From mboxrd@z Thu Jan  1 00:00:00 1970
From: Andreas Dilger <adilger@sun.com>
Subject: Re: [RFD] Incremental fsck
Date: Wed, 9 Jan 2008 02:16:56 -0700
Message-ID: <20080109091656.GL3351@webber.adilger.int>
References: <200801090022.55589.a1426z@gawab.com> <60808.198.182.194.170.1199827911.squirrel@clueserver.org>
Mime-Version: 1.0
Content-Type: text/plain; charset=us-ascii
Cc: Al Boldi <a1426z@gawab.com>, linux-fsdevel@vger.kernel.org,
	linux-kernel@vger.kernel.org
To: Alan <alan@clueserver.org>
Return-path: <linux-fsdevel-owner@vger.kernel.org>
Received: from mail.clusterfs.com ([74.0.229.162]:47954 "EHLO
	mail.clusterfs.com" rhost-flags-OK-OK-OK-OK) by vger.kernel.org
	with ESMTP id S1754333AbYAIJQ6 (ORCPT
	<rfc822;linux-fsdevel@vger.kernel.org>);
	Wed, 9 Jan 2008 04:16:58 -0500
Content-Disposition: inline
In-Reply-To: <60808.198.182.194.170.1199827911.squirrel@clueserver.org>
Sender: linux-fsdevel-owner@vger.kernel.org
List-ID: <linux-fsdevel.vger.kernel.org>

Andi Kleen wrote:
>> Theodore Tso <tytso@mit.edu> writes:
>> > Now, there are good reasons for doing periodic checks every N mounts
>> > and after M months.  And it has to do with PC class hardware.  (Ted's
>> > aphorism: "PC class hardware is cr*p").
>>
>> If these reasons are good ones (some skepticism here) then the correct
>> way to really handle this would be to do regular background scrubbing
>> during runtime; ideally with metadata checksums so that you can actually
>> detect all corruption.
>>
>> But since fsck is so slow and disks are so big this whole thing
>> is a ticking time bomb now. e.g. it is not uncommon to require tens
>> of minutes or even hours of fsck time and some server that reboots
>> only every few months will eat that when it happens to reboot.
>> This means you get a quite long downtime.
>
> Has there been some thought about an incremental fsck?
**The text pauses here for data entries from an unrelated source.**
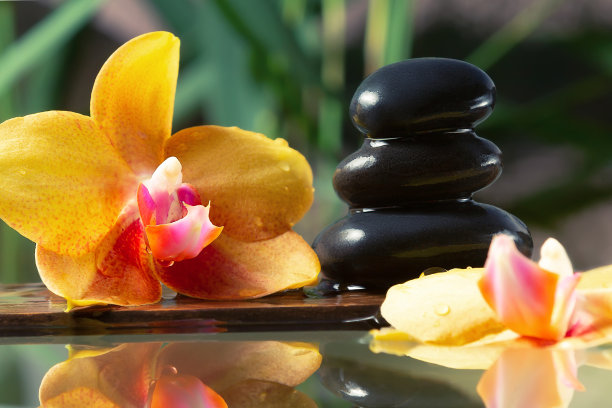 黑色的禅宗石和黄色的兰花放在水面的木板上。SPA、放松、冥想的概念图片下载
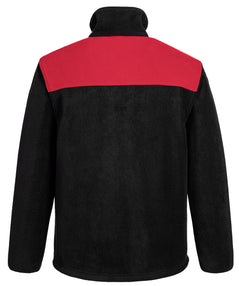 Back of Portwest PW2 Fleece in black with red panel on shoulders, long sleeves and collar.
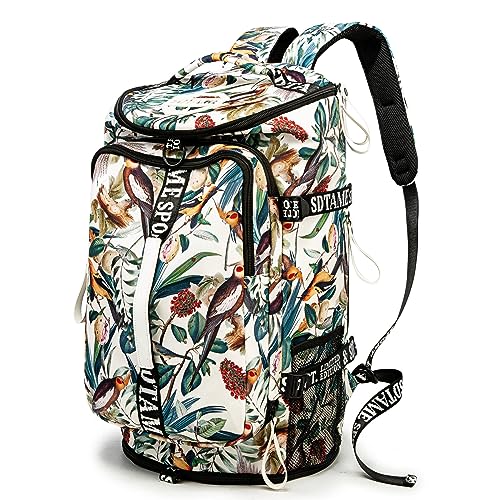 Gym Duffle Bag Backpack with Shoe Compartment,4 ways Travel Backpack for Women and Men,Multi-Functional Weekender bag with Waterproof Layer&Laptop Compartment for Fitness, Travel,Camping - color: Yellow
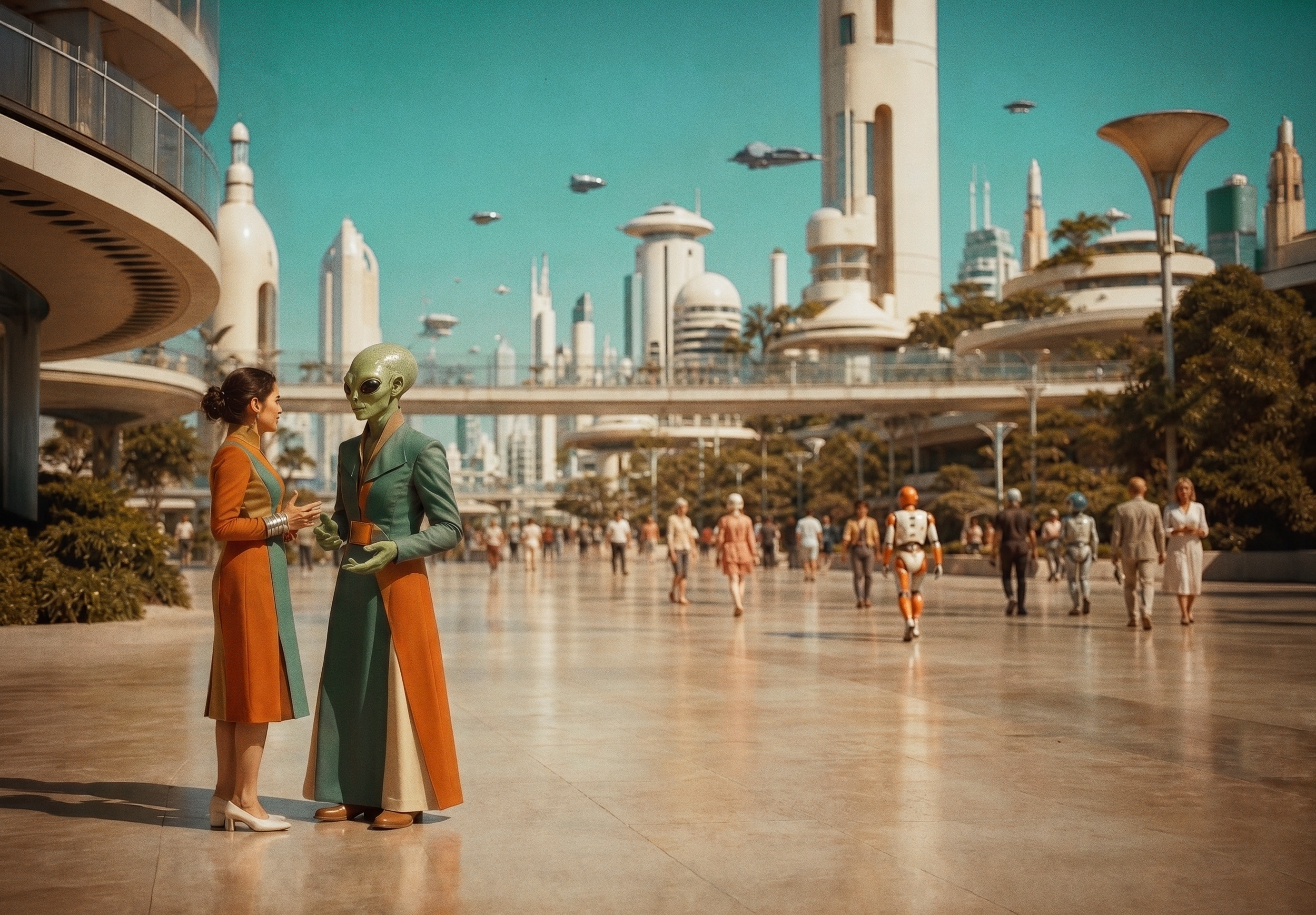 Residents of Planetary City in conversation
While an _incremental_ fsck isn't so easy for existing filesystem types,
what is pretty easy to automate is making a read-only snapshot of a
filesystem via LVM/DM and then running e2fsck against that.  The kernel
and filesystem have hooks to flush the changes from cache and make the
on-disk state consistent.

You can then set the the ext[234] superblock mount count and last check
time via tune2fs if all is well, or schedule an outage if there are
inconsistencies found.

There is a copy of this script at:
http://osdir.com/ml/linux.lvm.devel/2003-04/msg00001.html

Note that it might need some tweaks to run with DM/LVM2 commands/output,
but is mostly what is needed.

Cheers, Andreas
--
Andreas Dilger
Sr. Staff Engineer, Lustre Group
Sun Microsystems of Canada, Inc.